OK, MAJOR BREAKTHROUGH TIME!!!!!!!!!!!!!

I sat down and started playing with the formula for an R/C circuit (resistance/capacitance) and quickly needed the assistance of my Engineer wife who came up with a spiffy little calculated circuit calling for a 22K resistor and a 100µf electrolytic cap.  Trust me, you do not want to see the formulae she used, although she seemed pretty comfortable with them - I’m not     

The circuit looks like this:

672BAAE8-05F6-4594-81F4-9355D8549688

That’s the good news.  The bad news is that I don’t have a 100µf cap in stock (this ain’t “Radio Shack”, after all....)  All I could find was a 50µf which, from her calcs, will give me a faster full charge time but about 50% less of a dampening effect.  In other words, instead of averaging over 5 - 10 seconds, it averages over 2 - 5 seconds.  Well, Howdy.  What’s that gonna look like?

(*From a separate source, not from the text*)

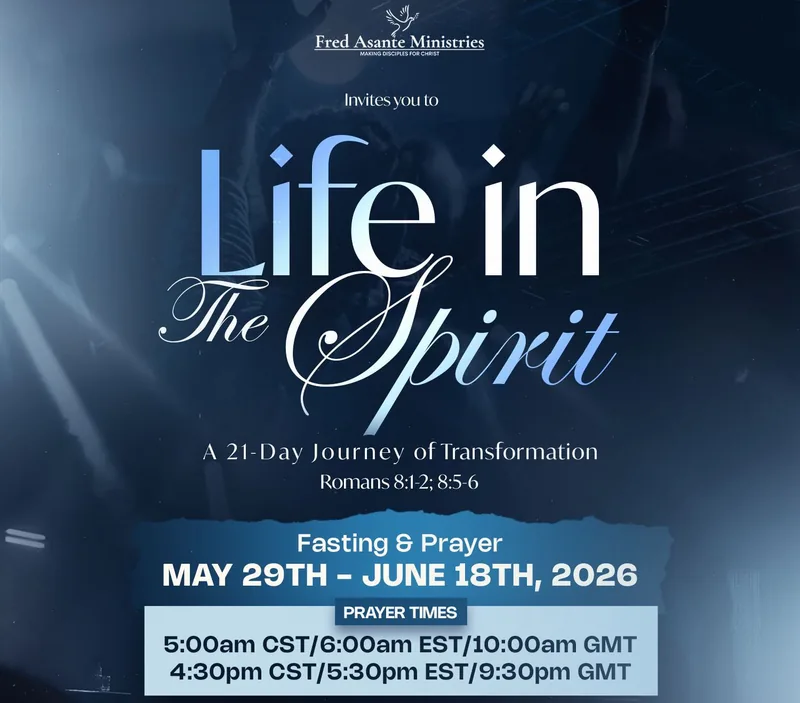 Flyer: Life in the Spirit, a 21-day journey of transformation, fasting and prayer from 29 May to 18 June 2026, Romans 8:1-2 and 8:5-6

So the next step was to turn Pearl in to a lab mule and play with the parts I have on hand, putting it together with alligator clip wires.  And the road test results are.........

Exactly what my senior lab assistant’s calculations showed they would be;  The needle still moves, but over the same section of road (same direction) the needle moves about 1/2 of what it does without the damping circuit installed - about 3-4 needle widths above and below the average (as opposed to +/- half a tank before!)  The calcs say going to the larger cap should pull that in to within +/- 2 needle widths as it averages (charges/discharges the larger cap) over a longer period. 

So, there you have it.  I still don’t know how the heck that VW vi brator works, nor do I wish to find out.

 You want to reduce the jumpy needle in your VDO-style 356 gas gauge?  Get a 22K 1/2 watt resistor and a 100 µf electrolytic cap and wire them in per the diagram above.  Battery “+” is at the top, “+” side of the capacitor is UP, battery ground is at the bottom and the cap’s “-“ end is grounded.   It makes no electrical difference whether they are connected at the gauge end or sender end, whichever is easier to install and can be insulated easier.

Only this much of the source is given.